What you should do :: Scan the entries for "Finish". Every line that holds it is to be copied.

**** Data shown

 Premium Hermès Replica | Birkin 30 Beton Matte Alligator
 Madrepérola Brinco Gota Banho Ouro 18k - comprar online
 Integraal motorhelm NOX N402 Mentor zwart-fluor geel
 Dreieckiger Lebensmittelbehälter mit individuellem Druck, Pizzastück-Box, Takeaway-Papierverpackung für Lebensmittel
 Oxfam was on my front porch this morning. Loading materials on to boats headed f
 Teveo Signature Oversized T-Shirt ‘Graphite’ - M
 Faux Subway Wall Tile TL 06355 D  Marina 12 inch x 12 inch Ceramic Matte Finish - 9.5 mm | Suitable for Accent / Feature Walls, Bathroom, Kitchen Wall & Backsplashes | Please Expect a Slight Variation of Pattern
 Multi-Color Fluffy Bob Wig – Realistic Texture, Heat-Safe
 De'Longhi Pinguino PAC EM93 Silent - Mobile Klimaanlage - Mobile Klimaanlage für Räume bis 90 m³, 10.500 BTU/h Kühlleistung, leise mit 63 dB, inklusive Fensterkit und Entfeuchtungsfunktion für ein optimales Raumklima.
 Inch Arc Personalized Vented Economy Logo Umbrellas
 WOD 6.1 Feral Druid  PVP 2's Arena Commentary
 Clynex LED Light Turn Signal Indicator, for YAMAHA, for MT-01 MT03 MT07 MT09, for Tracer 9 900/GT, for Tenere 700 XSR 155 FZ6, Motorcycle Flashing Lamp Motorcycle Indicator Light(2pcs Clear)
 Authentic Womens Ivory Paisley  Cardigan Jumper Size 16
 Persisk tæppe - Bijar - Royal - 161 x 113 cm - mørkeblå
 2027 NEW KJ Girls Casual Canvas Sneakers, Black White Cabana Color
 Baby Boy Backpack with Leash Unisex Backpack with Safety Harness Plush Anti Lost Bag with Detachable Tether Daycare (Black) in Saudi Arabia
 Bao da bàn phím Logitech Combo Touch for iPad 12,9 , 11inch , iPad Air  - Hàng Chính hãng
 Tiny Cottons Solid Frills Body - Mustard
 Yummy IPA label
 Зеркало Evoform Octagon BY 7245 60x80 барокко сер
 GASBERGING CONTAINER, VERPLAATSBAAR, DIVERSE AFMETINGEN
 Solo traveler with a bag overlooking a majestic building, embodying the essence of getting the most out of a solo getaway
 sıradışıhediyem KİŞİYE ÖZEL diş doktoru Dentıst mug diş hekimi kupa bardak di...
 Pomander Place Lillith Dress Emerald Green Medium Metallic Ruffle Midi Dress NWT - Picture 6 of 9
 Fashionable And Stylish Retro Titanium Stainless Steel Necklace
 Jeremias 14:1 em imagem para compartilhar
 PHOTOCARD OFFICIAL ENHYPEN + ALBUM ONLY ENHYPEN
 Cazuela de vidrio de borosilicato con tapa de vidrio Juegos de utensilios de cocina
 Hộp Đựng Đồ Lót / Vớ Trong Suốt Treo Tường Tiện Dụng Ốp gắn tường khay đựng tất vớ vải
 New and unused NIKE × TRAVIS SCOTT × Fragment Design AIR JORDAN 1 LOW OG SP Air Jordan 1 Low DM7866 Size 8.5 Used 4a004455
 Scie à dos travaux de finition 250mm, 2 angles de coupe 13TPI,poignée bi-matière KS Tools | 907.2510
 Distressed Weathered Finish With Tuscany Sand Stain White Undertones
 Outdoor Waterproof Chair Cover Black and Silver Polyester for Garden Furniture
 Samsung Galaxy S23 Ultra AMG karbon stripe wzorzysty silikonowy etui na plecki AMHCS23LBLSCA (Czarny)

********

Solution to this task ::
 Faux Subway Wall Tile TL 06355 D  Marina 12 inch x 12 inch Ceramic Matte Finish - 9.5 mm | Suitable for Accent / Feature Walls, Bathroom, Kitchen Wall & Backsplashes | Please Expect a Slight Variation of Pattern
 Distressed Weathered Finish With Tuscany Sand Stain White Undertones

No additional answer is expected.